Flaggschiff der Nato-Speerspitze in der Ostsee
Deutschland hat mit Jahresbeginn die Führung der schnellen Eingreiftruppe der Nato übernommen, an der auch die Marine in der Ostsee beteiligt ist. Die "Mecklenburg-Vorpommern" ist derzeit das Flaggschiff der sogenannten Speerspitze des Militärbündnisses, die offiziell "Very High Readiness Joint Task Force" heißt. Die Eingreiftruppe wurde im Zuge der ersten großen Ukraine-Krise nach 2014 aufgestellt und ist seitdem ein zentrales Element der Abschreckungsstrategie gegen Russland.
Die "Mecklenburg-Vorpommern" fährt nach der Übung für den Kanzler weiter Richtung Osten, wo sie in den nächsten Tagen am "Baltops"-Manöver teilnimmt. Kurz vor dem Flottenbesuch des Kanzlers gab Russland bekannt, dass es bis zum 15. Juni in der Ostsee üben wird - etwa genauso lange, wie die Nato ihre Flotte testet. "Im Rahmen des Manövers werden Aufgaben der Verteidigung der Seekommunikation und Flottenbasen geschult", hieß es in einer Mitteilung der russischen Flotte.
Seit dem Beginn des russischen Angriffskriegs gegen die Ukraine vor gut 15 Monaten hat Moskau schon mehrfach in der Ostsee den Kriegsfall geprobt. Immer wieder kommt es über der Ostsee zu Problemen zwischen der Nato und Russland. Beide Seiten werfen sich gegenseitig die Verletzung des eigenen Luftraums vor. Die Seestreitkräfte kommen dagegen bisher vergleichsweise gut miteinander aus.
Keinen Raum für Missverständnisse entstehen lassen
"Die Ostsee ist groß genug. Wir treten non-konfrontativ und sehr transparent auf", sagt der Kommandeur der Marine-Kräfte der schnellen Nato-Eingreiftruppe, Flottillenadmiral Thorsten Marx. "Wir halten uns an internationale Regeln und Normen. Und das erwarten wir von der russischen Seite in der gleichen Art und Weise." Derzeit sehe man "auf russischer Seite ein sichtbares Bemühen, keinen Raum für Missverständnisse entstehen zu lassen". Das heiße aber nicht, dass es morgen auch noch so sein müsse. "Deswegen ist dieser Verband jederzeit einsatzbereit und auch abwehrbereit", betonte Marx.

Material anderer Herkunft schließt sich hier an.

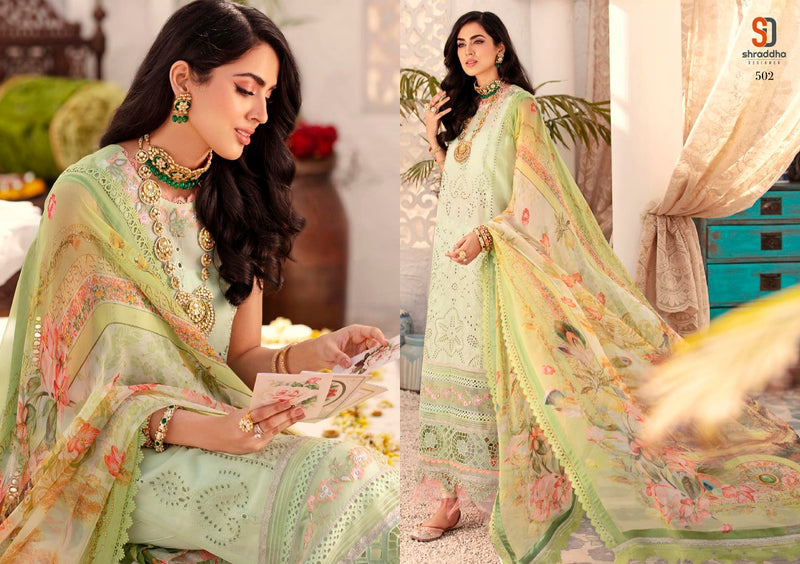 Shraddha Designer Noor Vol 5 Pure Cambric Cotton Embroidery Work Pakistani Suit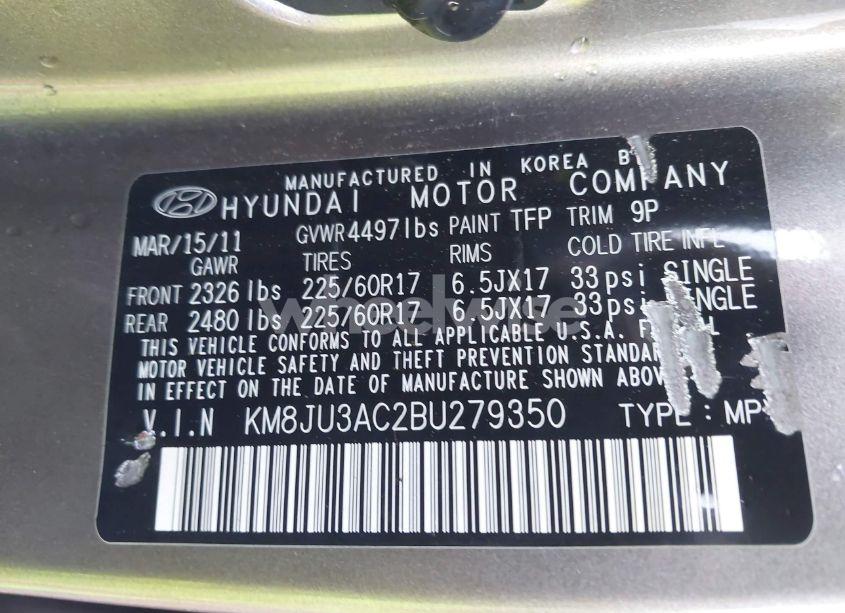 Photo 9 of 2011 Hyundai Tucson GLS (VIN KM8JU3AC2BU279350)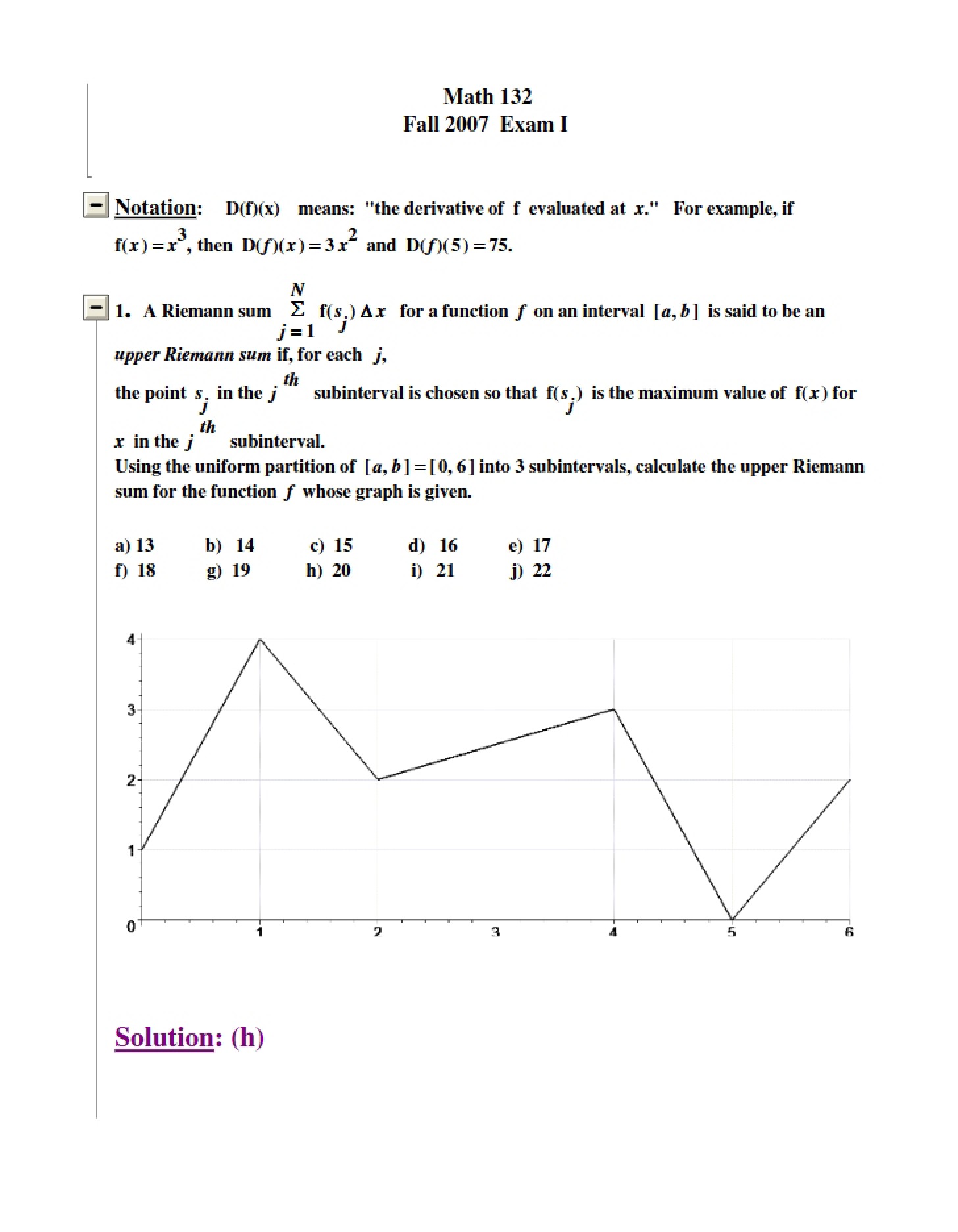 Answer Key for Exam 1 - Fall 2007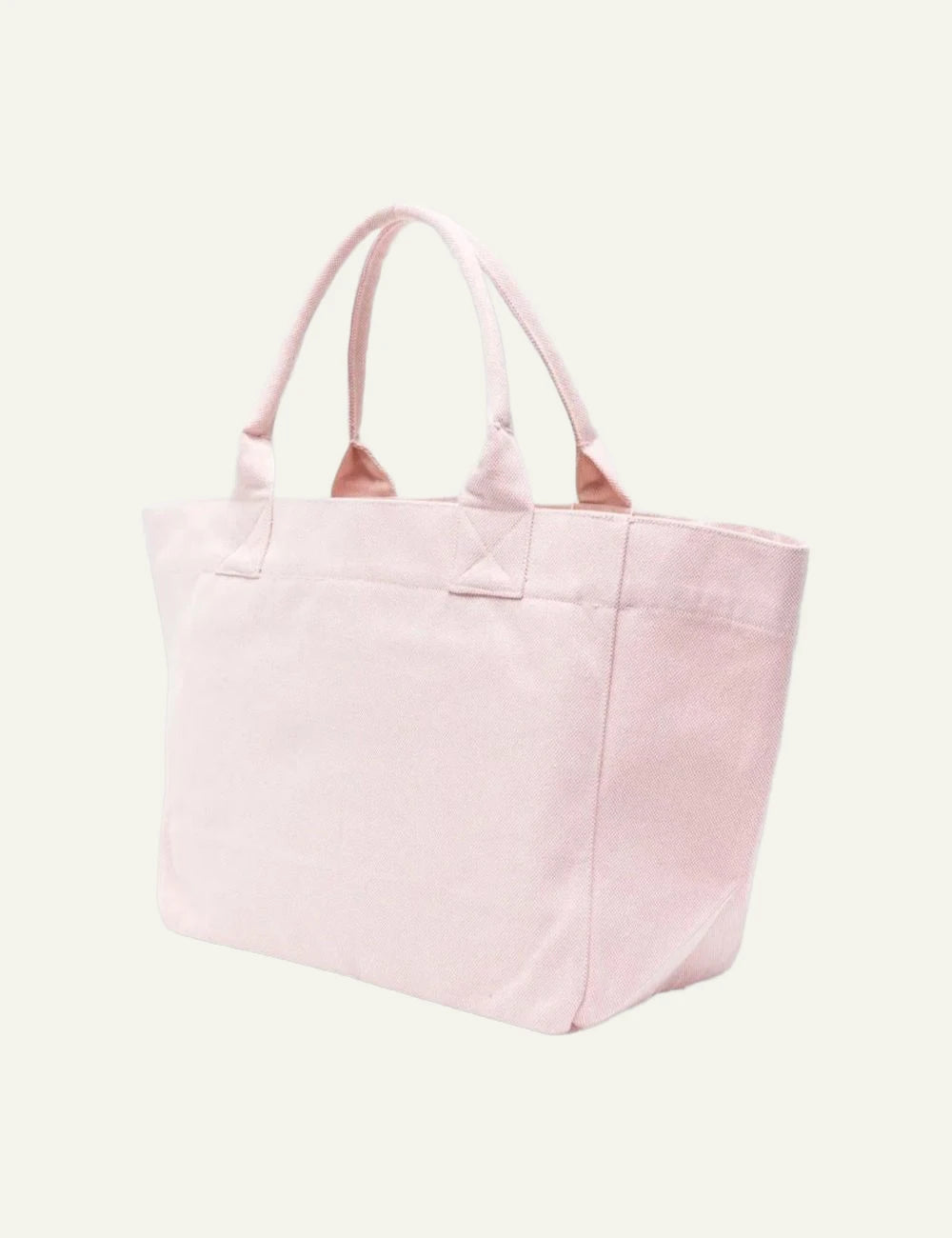 Ganni raspberry print canvas shopper bag light pink side view
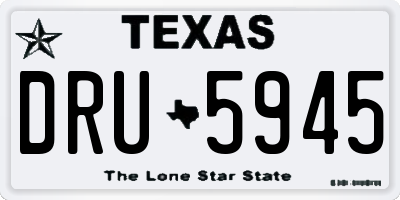 TX license plate DRU5945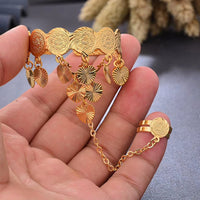 Gold Color Copper Coin Baby Bangles for Kids Cild Dubai Israel Jewelry Gold Cuffbracelet Ring Boys Children Arab Birthday Gifts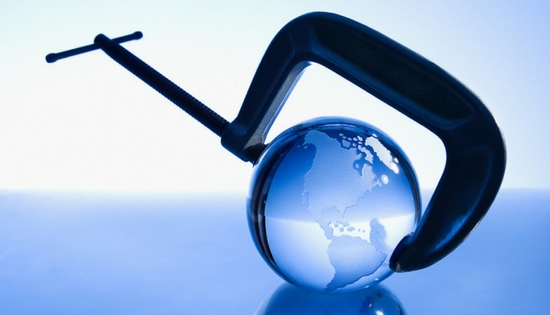 a clamp squeezing a small blue bubble that looks like earth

Über das Manöver wurde die Nato nach Angaben des Admirals nicht in Kenntnis gesetzt. Überrascht worden sei man davon trotzdem nicht. "Wir haben natürlich eine sehr klare Vorstellung, aus welchen Handlungen sich möglicherweise Manöver-Tätigkeiten ableiten." Die Beobachtungen der vergangenen Wochen und Monaten hätten darauf hingedeutet, dass das Manöver stattfindet.